RCU (Read-Copy-Update)

Lock-free reads through grace periods — the highest-performance synchronization in the kernel

The core idea

RCU was added to Linux in kernel 2.5.43 (October 2002) by Dipankar Sarma (IBM) and Paul E. McKenney — confirmed in "What is RCU, Fundamentally?" (McKenney & Walpole, LWN 2007): "RCU added to the Linux kernel in October 2002."

RCU solves a specific problem: how do you allow many readers to access a data structure with zero synchronization overhead, while still allowing writers to modify it safely?

The insight: readers never modify the data, so they can run truly concurrently as long as the writer doesn't free the old data until all readers that could see it have finished.

Writer algorithm:
  1. Make a copy of the data
  2. Modify the copy
  3. Atomically publish the new version (pointer swap)
  4. Wait for a "grace period" — until all readers that could
     have seen the old version have finished
  5. Free the old version

Reader algorithm:
  1. Enter RCU read-side critical section (very cheap)
  2. Dereference the published pointer
  3. Use the data
  4. Exit RCU read-side critical section

The critical property: readers pay almost nothing.
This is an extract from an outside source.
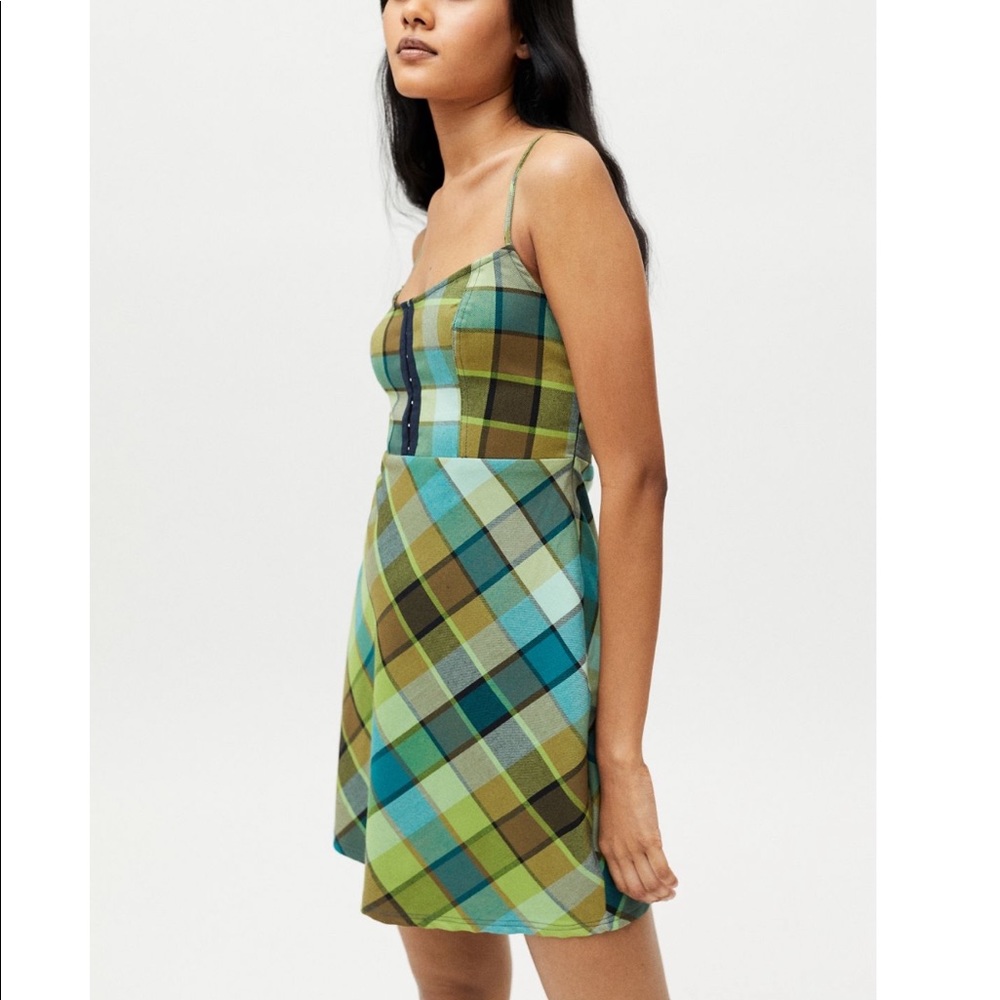 NWT UO 90s Y2K Lime Green Plaid Hook Front Dress - Picture 3 of 4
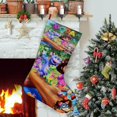 thumbnail image 1 of Dora-South Park Tema: Calcetines de Navidad, fino lino blanco para colgar en escaleras y chimenea, decoración navideña para el hogar, regalo de Navidad. 54cm × 38cm, 1 of 5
On non-preemptible kernels, rcu_read_lock() is literally a compiler barrier with preemption disabled — no atomic operations, no cache line bouncing.

The grace period

A grace period is the time the writer waits after publishing the new pointer before freeing the old one. A grace period ends when every CPU has passed through a quiescent state — a point where no RCU read-side critical section can be in progress.

Quiescent states include: - Context switch (the CPU was preempted) - Idle (the CPU has no work) - User mode execution

CPU 0: [reader using old data]──────────────────[end read]
CPU 1:                         [context switch]
CPU 2:                                    [context switch]
                         ↑                           ↑
                   grace period starts          grace period ends
                                                (old data safe to free)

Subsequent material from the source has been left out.